WORK INSTRUCTIONS: The records that follow must be reproduced in full, exactly as written.

MATERIAL PROVIDED:
========================================================================

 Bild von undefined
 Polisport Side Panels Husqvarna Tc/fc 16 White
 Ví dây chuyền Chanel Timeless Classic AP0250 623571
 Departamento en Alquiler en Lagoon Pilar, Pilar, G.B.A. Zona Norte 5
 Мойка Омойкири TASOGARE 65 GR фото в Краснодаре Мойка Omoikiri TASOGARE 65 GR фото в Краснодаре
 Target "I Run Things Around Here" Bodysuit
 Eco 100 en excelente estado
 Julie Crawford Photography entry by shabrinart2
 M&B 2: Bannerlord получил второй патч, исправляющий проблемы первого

========================================================================

EXERCISE SOLUTION:
 Bild von undefined
 Polisport Side Panels Husqvarna Tc/fc 16 White
 Ví dây chuyền Chanel Timeless Classic AP0250 623571
 Departamento en Alquiler en Lagoon Pilar, Pilar, G.B.A. Zona Norte 5
 Мойка Омойкири TASOGARE 65 GR фото в Краснодаре Мойка Omoikiri TASOGARE 65 GR фото в Краснодаре
 Target "I Run Things Around Here" Bodysuit
 Eco 100 en excelente estado
 Julie Crawford Photography entry by shabrinart2
 M&B 2: Bannerlord получил второй патч, исправляющий проблемы первого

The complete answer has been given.